- Directed by: W. J. Lincoln
- Written by: W. J. Lincoln
- Starring: George Bryant Godfrey Cass Roy Redgrave
- Cinematography: Maurice Bertel
- Production company: Lincoln-Cass Films
- Release date: 15 September 1913 (Melbourne);
- Running time: 2,700 feet
- Country: Australia
- Languages: Silent film English intertitles

= The Remittance Man =

The Remittance Man is an Australian melodrama film directed by W. J. Lincoln about a thief's reformation.

It was the third film from Lincoln-Cass Films.

It is considered a lost film.

==Plot==
Nick Deyer sends his eight-year-old daughter Maisie to a ladies' school in Melbourne on the death of his wife. He does not see her for the next ten years however he provides for her well, and spends a lot of money in town, despite never seeming to work. It turns out that he has discovered gold and is hoarding it.

Roger Colville is a bank clerk in Melbourne who has embezzled the bank's funds to tide him over financial difficulties. He meets and falls in love with a grown up Maisie Dwyer who is about to return home to see her father. After Maisie's departure, the bank discovers it has been robbed and Roger goes into hiding. His family in England later settle with the bank.
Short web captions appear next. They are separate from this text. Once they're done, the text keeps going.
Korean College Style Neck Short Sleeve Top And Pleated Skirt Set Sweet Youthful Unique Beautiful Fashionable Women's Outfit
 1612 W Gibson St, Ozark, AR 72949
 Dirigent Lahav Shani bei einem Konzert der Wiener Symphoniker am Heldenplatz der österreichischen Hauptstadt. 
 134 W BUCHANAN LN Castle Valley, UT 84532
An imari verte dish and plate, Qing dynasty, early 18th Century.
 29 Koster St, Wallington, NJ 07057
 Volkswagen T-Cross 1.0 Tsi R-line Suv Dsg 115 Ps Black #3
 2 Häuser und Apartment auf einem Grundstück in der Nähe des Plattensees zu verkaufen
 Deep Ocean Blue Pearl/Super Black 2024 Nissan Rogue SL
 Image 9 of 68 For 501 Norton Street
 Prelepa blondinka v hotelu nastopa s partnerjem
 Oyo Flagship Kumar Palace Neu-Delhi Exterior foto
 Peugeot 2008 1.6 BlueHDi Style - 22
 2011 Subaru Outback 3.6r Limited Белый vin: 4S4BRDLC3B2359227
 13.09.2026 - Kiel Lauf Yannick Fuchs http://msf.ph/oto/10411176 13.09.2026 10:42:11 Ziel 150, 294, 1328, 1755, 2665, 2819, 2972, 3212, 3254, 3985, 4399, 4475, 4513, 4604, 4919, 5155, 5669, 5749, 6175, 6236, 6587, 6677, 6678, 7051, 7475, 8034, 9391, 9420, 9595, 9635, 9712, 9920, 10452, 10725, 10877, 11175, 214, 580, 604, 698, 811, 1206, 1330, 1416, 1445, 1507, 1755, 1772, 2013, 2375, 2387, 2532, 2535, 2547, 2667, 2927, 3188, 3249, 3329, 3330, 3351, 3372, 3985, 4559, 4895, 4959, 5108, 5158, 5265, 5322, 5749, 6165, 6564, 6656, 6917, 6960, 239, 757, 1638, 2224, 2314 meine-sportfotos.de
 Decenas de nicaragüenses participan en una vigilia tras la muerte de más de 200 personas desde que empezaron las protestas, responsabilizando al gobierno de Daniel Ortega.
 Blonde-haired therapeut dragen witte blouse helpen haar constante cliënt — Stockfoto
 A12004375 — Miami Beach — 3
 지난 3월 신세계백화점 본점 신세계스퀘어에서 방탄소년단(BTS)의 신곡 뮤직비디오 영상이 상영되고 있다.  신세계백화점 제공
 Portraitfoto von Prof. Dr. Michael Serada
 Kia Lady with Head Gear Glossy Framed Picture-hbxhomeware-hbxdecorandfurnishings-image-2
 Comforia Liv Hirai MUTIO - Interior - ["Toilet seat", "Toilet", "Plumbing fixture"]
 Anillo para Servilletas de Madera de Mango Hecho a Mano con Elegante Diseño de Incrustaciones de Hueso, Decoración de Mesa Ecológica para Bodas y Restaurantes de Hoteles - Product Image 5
Roger goes to Maisie's home town and stops some locals fleecing her father. He takes him home and is reunited with Maisie, then discovers Ned's stash of gold. On Christmas Eve Ned goes into town and gets drunk, telling the locals about his gold. Roger tries to steal the gold but is caught by Maisie. He pleads for redemption and Maisie decides to trust him.

Some villains led by Black Dick attack the house looking for gold. However Maisie manages to escape and ride a horse to get help, while the crooks try to beat Roger into saying where the gold is. They eventually find it and are about to leave when the townspeople arrive to capture them. Maisie marries Roger and Ned gives them gold as a dowry.

==Cast==
- Roy Redgrave
- Godfrey Cass
- George Bryant
- Tom Cannam
- Charles Wheeler
- Beryl Bryant

==Reception==
A review said the story is "absorbing... and the acting very fine."